Dropping every picture, set down exactly the lines in the entries below, starting with the line with "Multiservice Provisioning Platform Market" and going on through the line with "Splitter ACT 4K".

## [Source data]
++++++

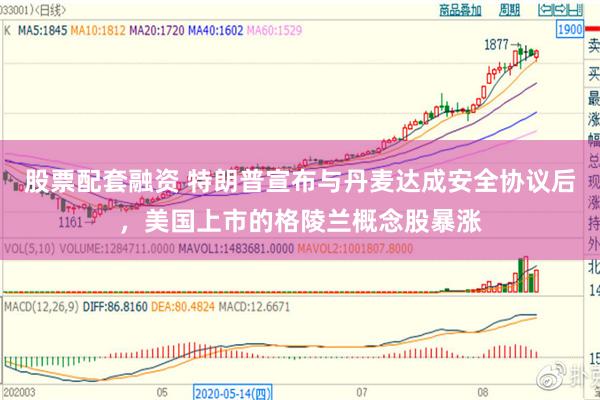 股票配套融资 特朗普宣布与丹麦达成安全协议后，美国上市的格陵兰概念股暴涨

++++++

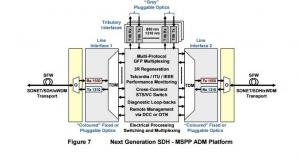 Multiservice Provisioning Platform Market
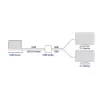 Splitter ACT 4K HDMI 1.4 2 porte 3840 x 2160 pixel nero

++++++

## [Result for this exercise]
 Multiservice Provisioning Platform Market
 Splitter ACT 4K HDMI 1.4 2 porte 3840 x 2160 pixel nero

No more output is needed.